Data for this task Block Start

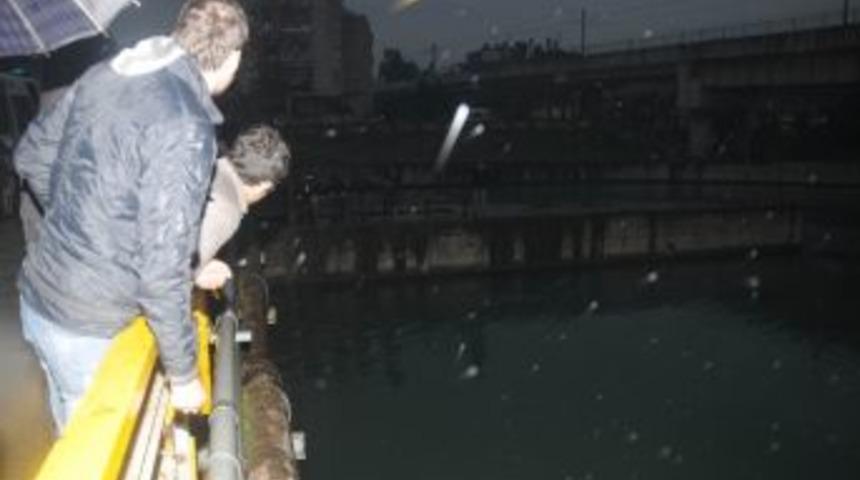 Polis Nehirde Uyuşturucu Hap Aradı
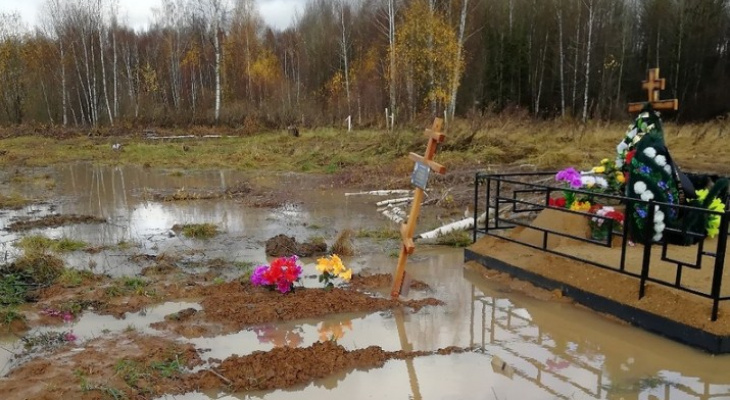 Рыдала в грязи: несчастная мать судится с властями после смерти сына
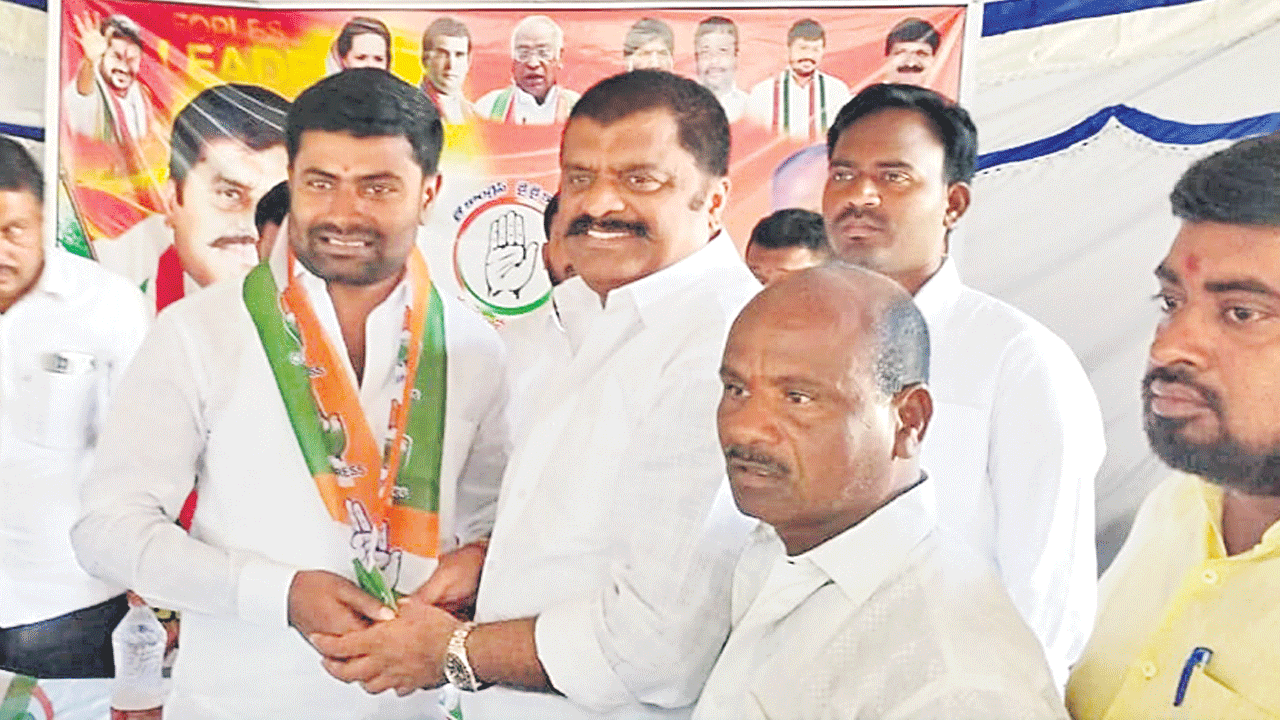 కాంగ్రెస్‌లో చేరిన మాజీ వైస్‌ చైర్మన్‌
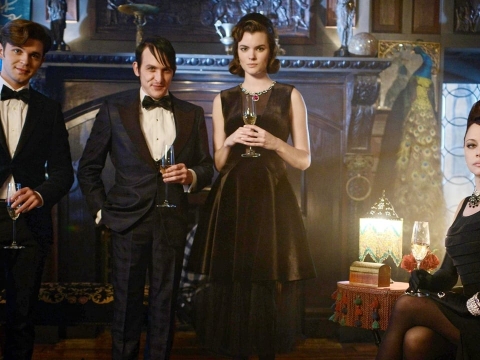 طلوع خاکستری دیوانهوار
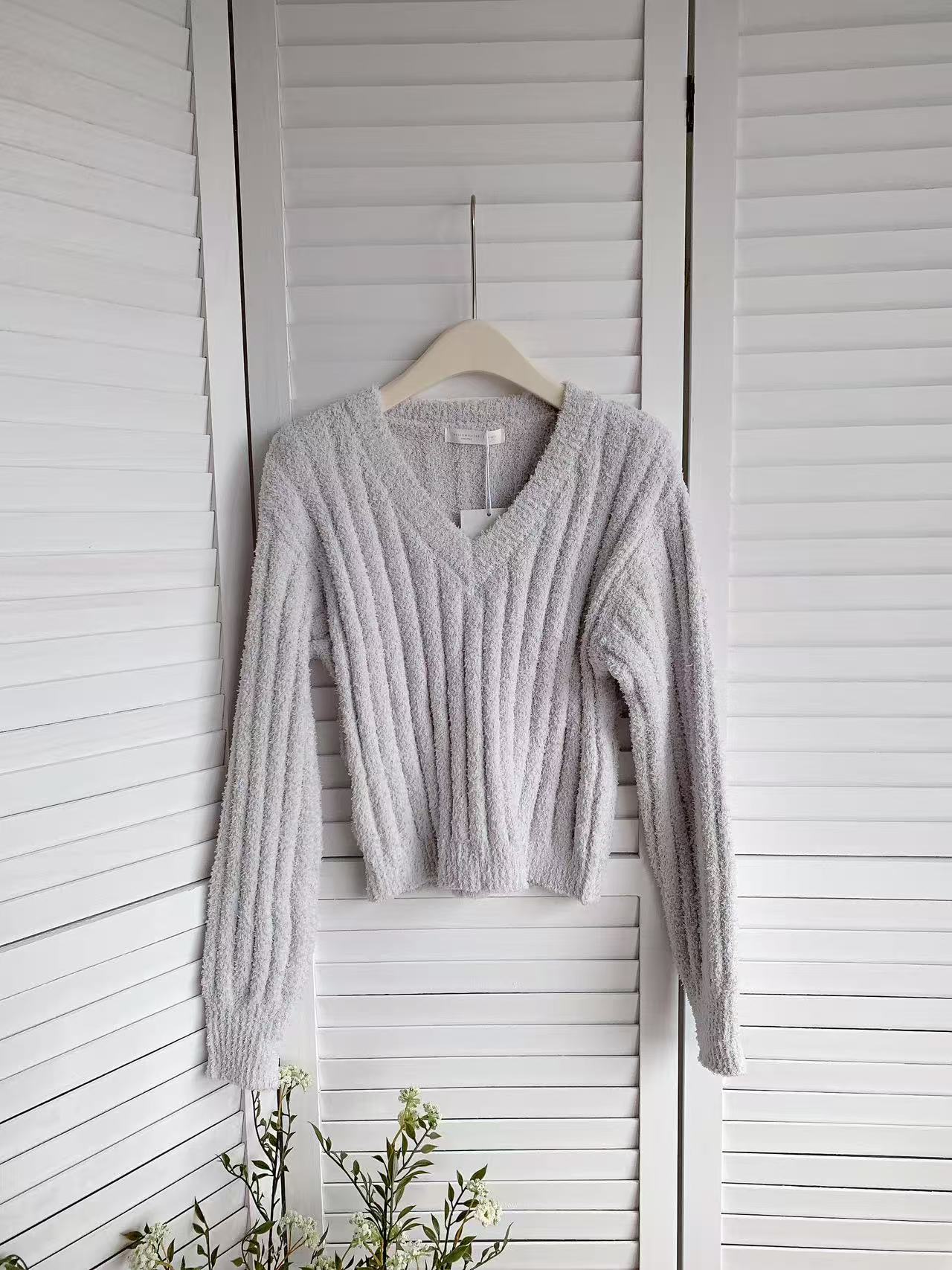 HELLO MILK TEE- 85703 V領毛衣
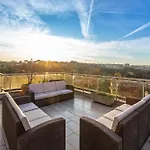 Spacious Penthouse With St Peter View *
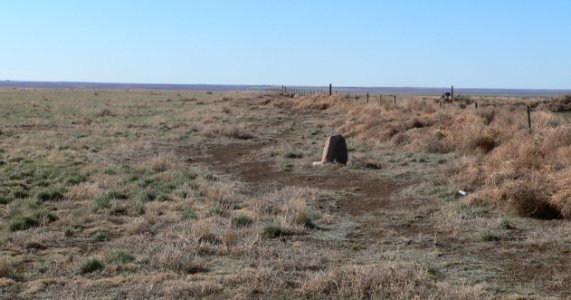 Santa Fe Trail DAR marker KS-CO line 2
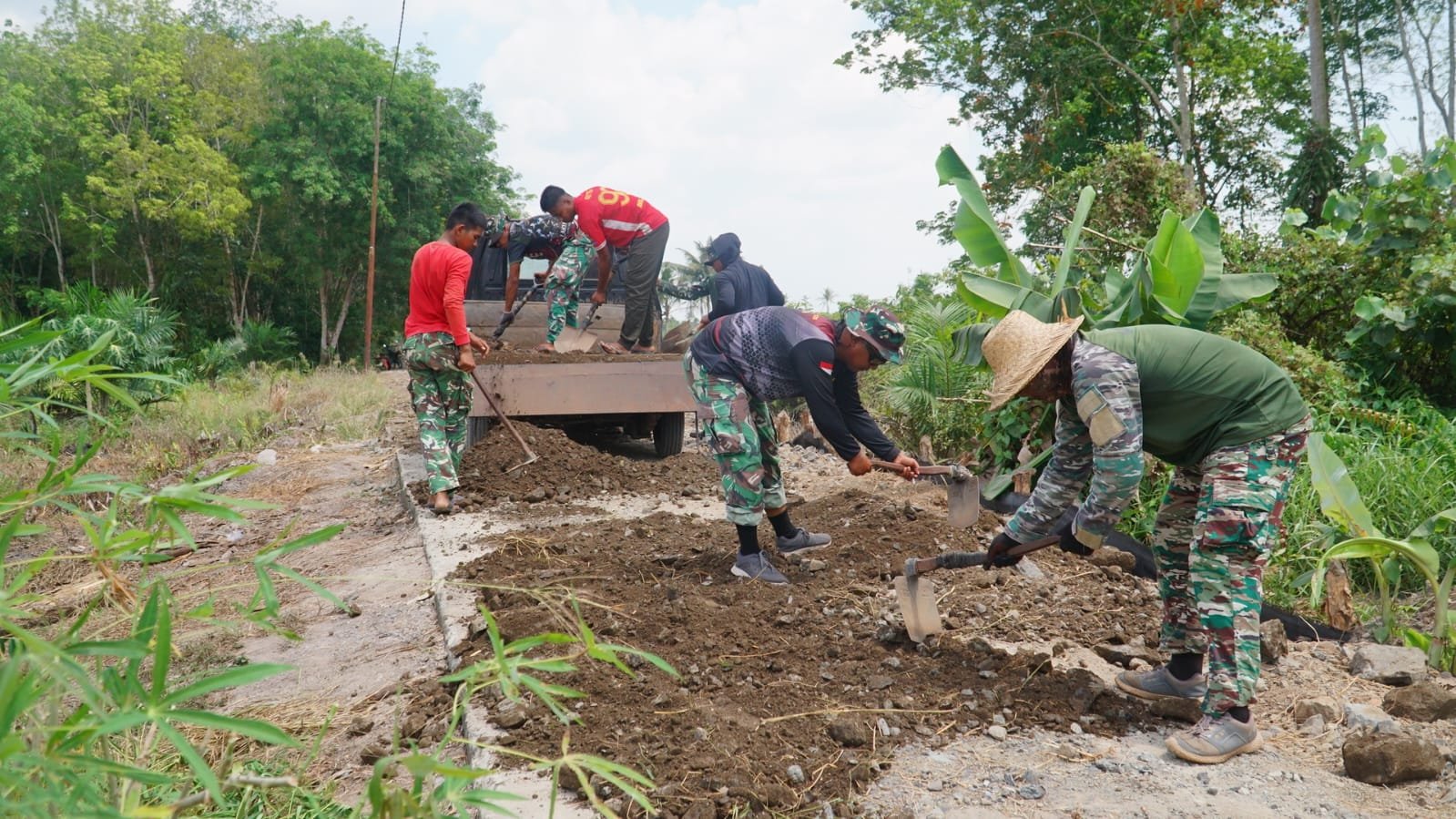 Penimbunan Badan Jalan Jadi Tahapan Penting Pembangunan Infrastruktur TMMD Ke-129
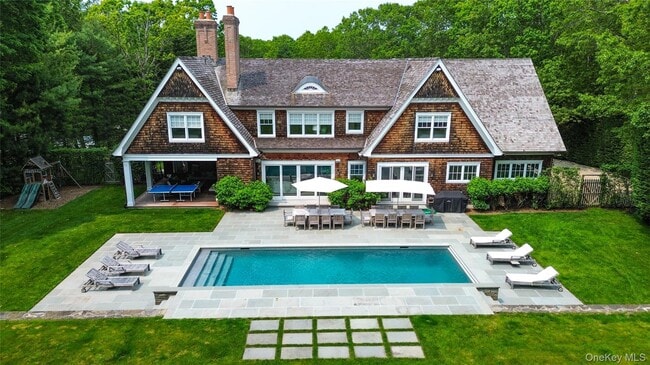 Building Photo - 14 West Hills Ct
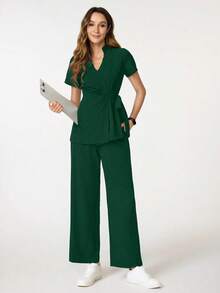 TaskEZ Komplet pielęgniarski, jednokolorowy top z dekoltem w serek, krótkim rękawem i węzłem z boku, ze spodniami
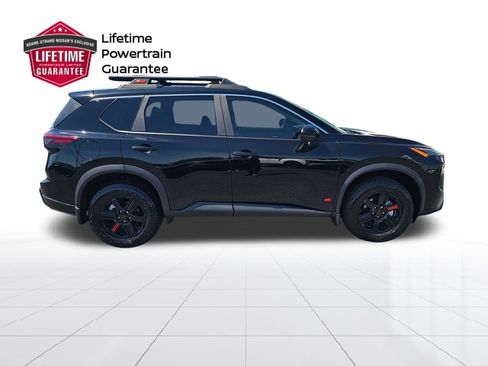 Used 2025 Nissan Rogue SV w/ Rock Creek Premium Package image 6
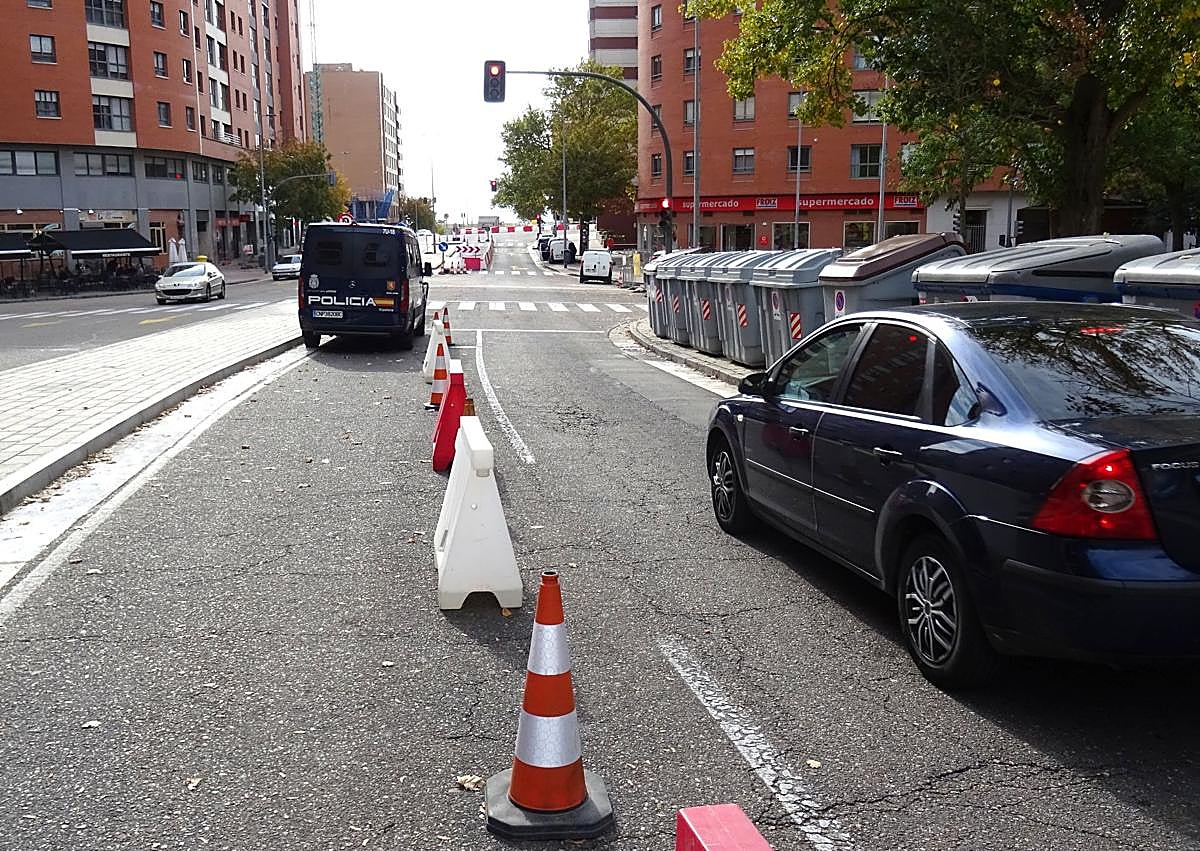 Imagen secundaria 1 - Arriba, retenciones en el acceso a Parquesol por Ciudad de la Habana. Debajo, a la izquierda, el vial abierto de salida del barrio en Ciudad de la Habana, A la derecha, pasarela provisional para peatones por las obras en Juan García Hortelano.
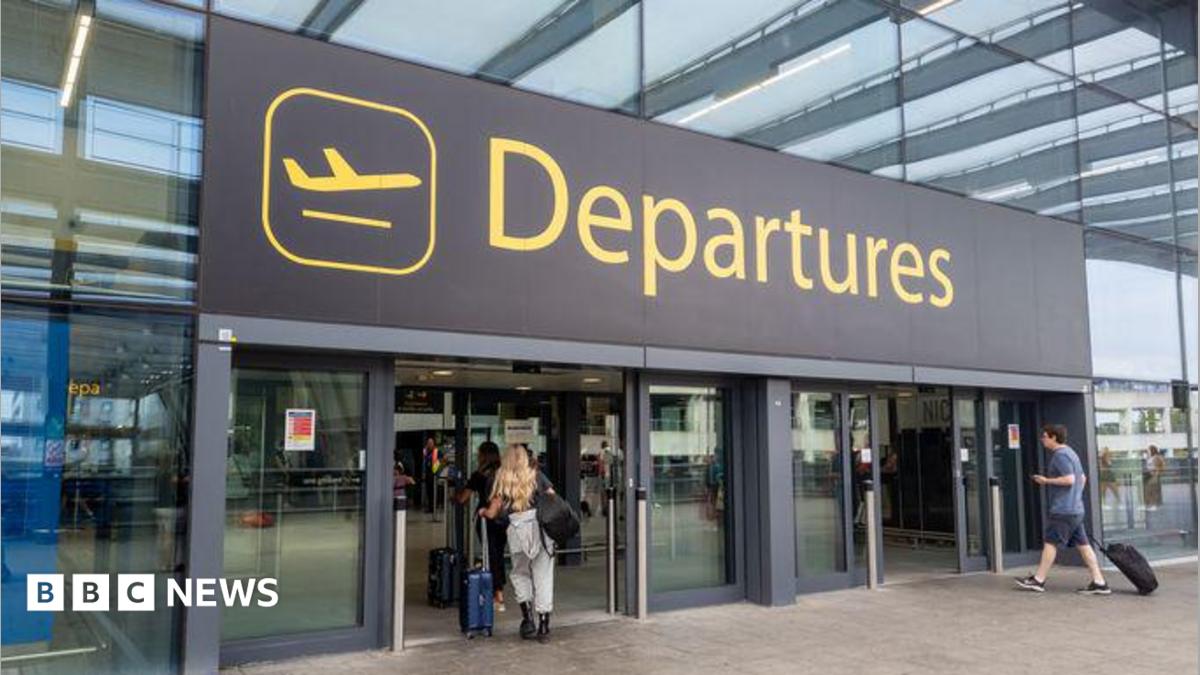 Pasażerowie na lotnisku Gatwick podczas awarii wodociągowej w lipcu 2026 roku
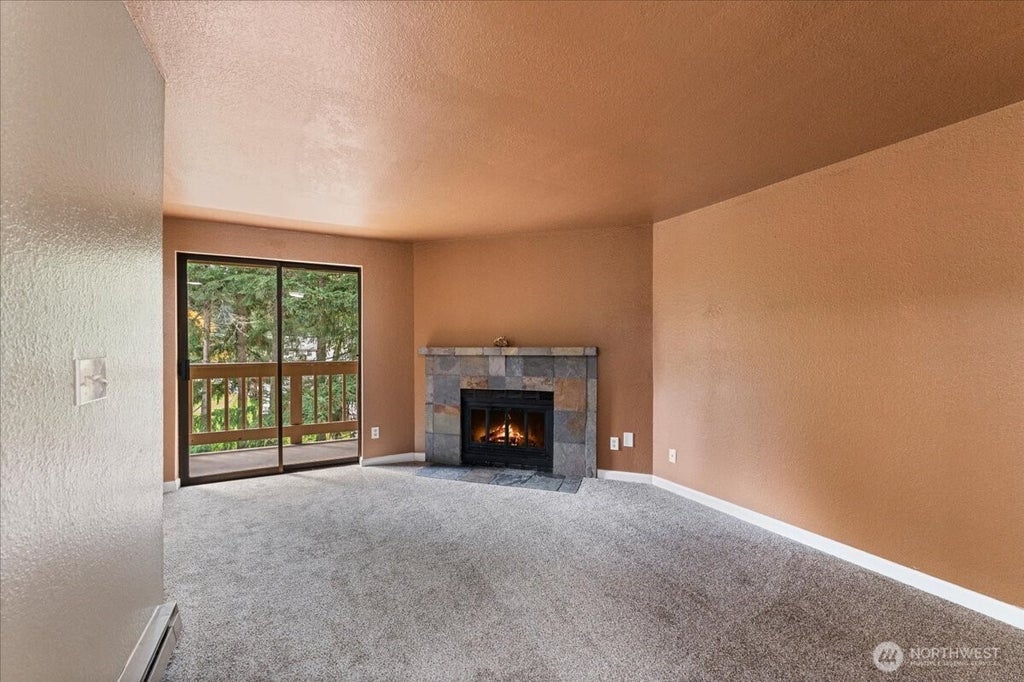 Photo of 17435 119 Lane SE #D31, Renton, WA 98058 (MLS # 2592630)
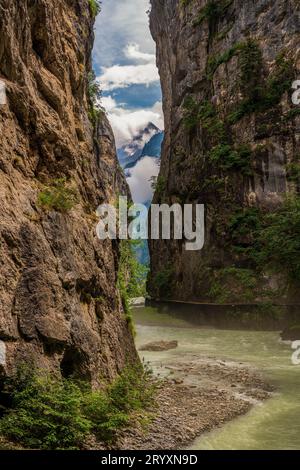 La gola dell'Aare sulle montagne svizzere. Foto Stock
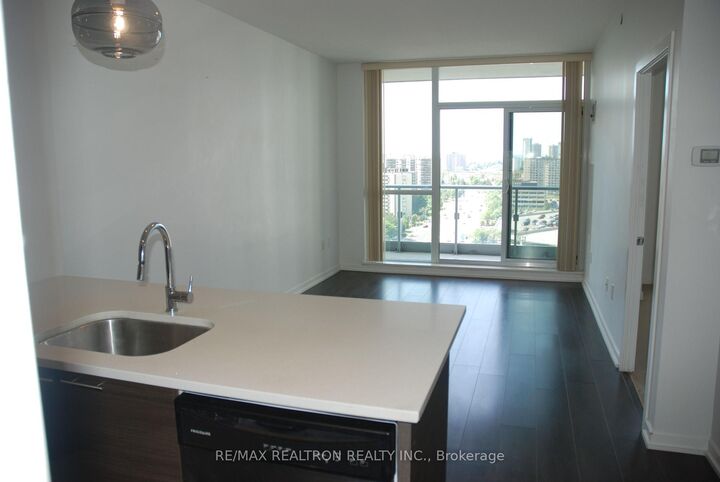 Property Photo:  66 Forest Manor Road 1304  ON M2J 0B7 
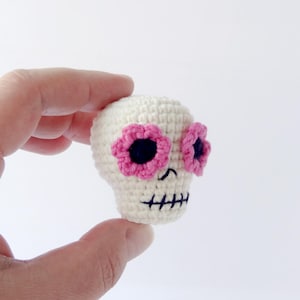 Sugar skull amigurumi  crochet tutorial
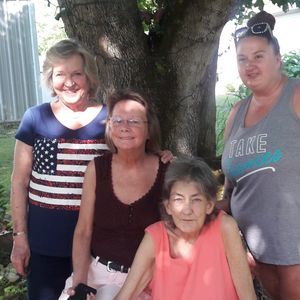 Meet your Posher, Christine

Data for this task Block End

— Try it —
Quote, please, every line of the material above from its start through the line that has "Building Photo - 14 West Hills Ct", reproducing the words exactly and dropping any images.

— Result —
 Polis Nehirde Uyuşturucu Hap Aradı
 Рыдала в грязи: несчастная мать судится с властями после смерти сына
 కాంగ్రెస్‌లో చేరిన మాజీ వైస్‌ చైర్మన్‌
 طلوع خاکستری دیوانهوار
 HELLO MILK TEE- 85703 V領毛衣
 Spacious Penthouse With St Peter View *
 Santa Fe Trail DAR marker KS-CO line 2
 Penimbunan Badan Jalan Jadi Tahapan Penting Pembangunan Infrastruktur TMMD Ke-129
 Building Photo - 14 West Hills Ct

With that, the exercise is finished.